- **SOURCE INFORMATION**:

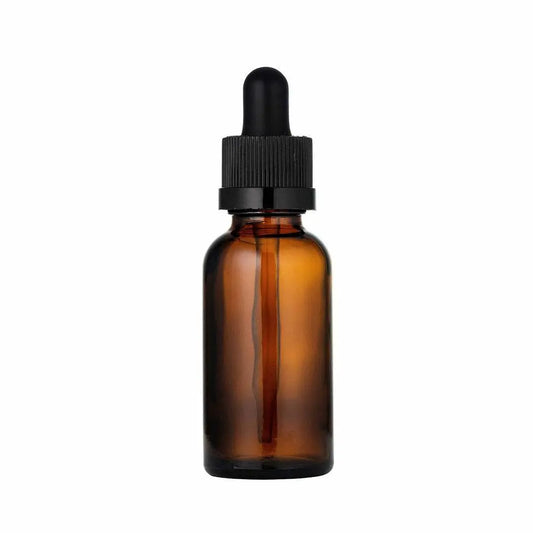 St. John's Wort Tincture--Organic Herbal Extract for nerve pain and sadness Kimberlys Kupboard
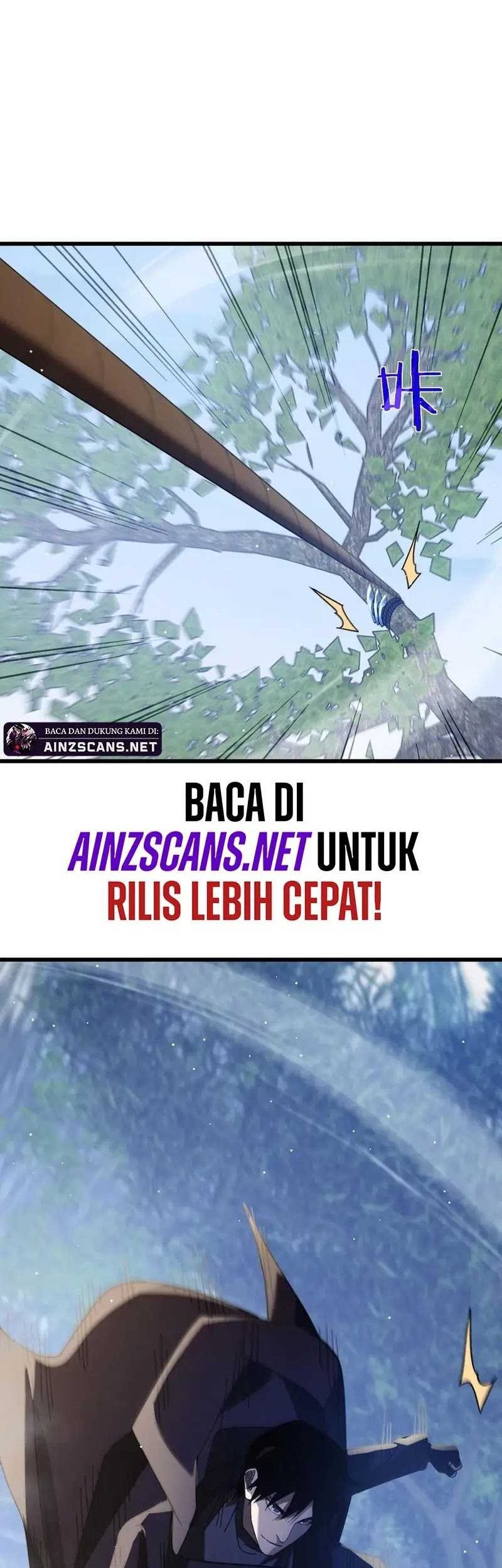 My Unbeatable Passive Skill Lets Me Deal Massive Damage! Chapter 45 Gambar 53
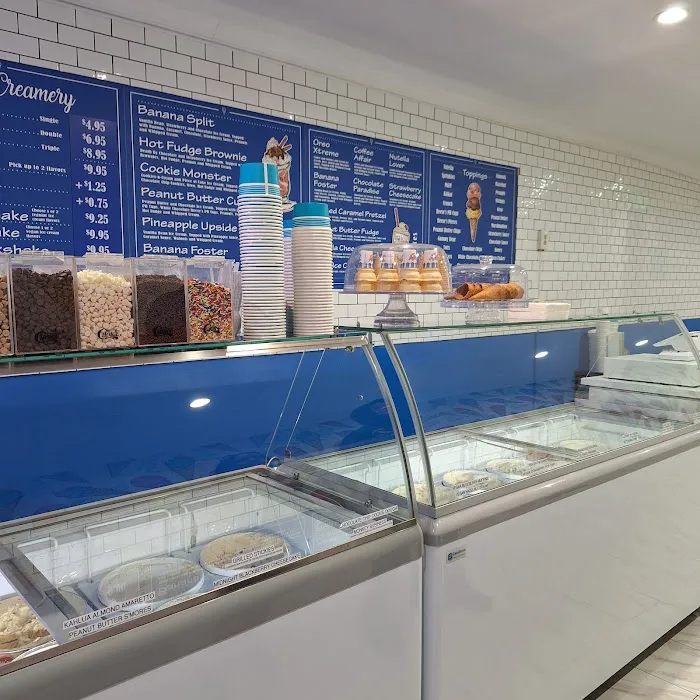 FRIO Creamery Picture 7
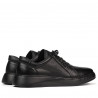 Casual/sportssko 927 sort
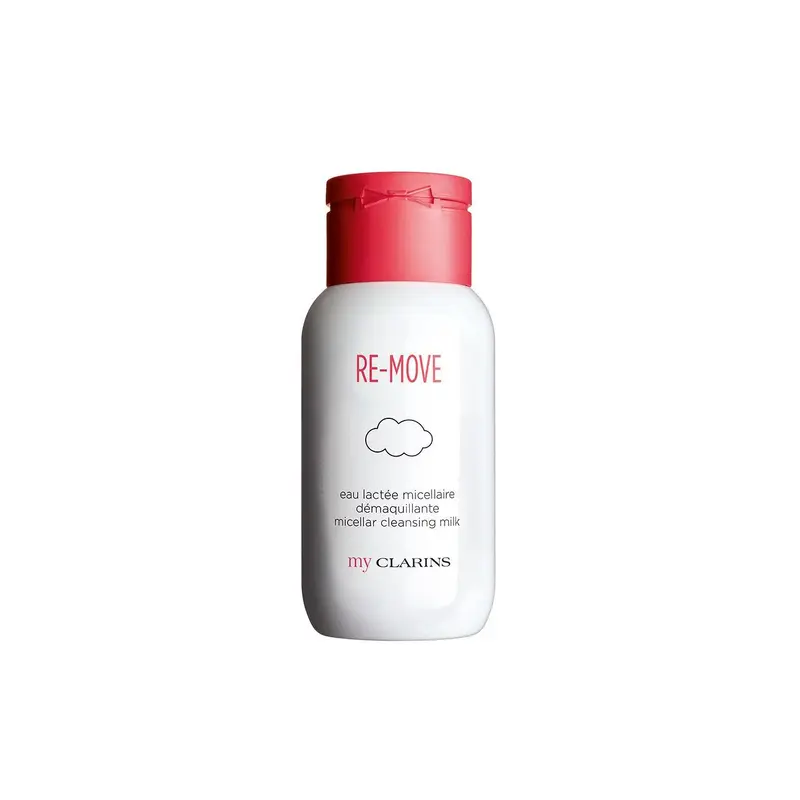 My Clarins Re-Move Micellar Cleansing Milk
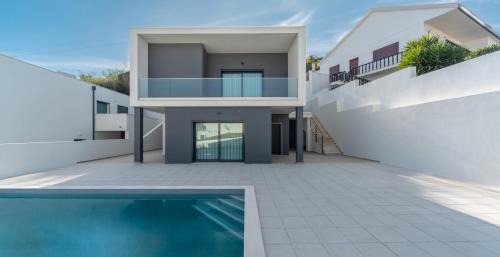 Foz do Arelho Villa | Villa Foz - By SCH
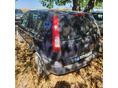 FORD FUSION 2007 - 4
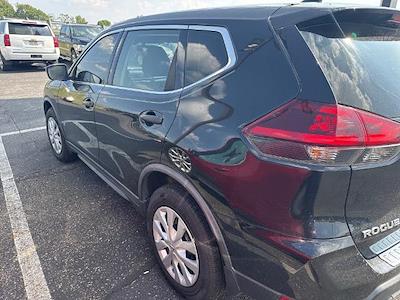 2018 Nissan Rogue 4WD SUV for sale #C25243B - photo 2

- **PROBLEM DESCRIPTION**:
Please set down the lines from the one with "FRIO Creamery Picture 7" to the end of the entries above, exactly as they are, and drop every picture.

- **TASK OUTPUT**:
 FRIO Creamery Picture 7
 Casual/sportssko 927 sort
 My Clarins Re-Move Micellar Cleansing Milk
 Foz do Arelho Villa | Villa Foz - By SCH
 FORD FUSION 2007 - 4
 2018 Nissan Rogue 4WD SUV for sale #C25243B - photo 2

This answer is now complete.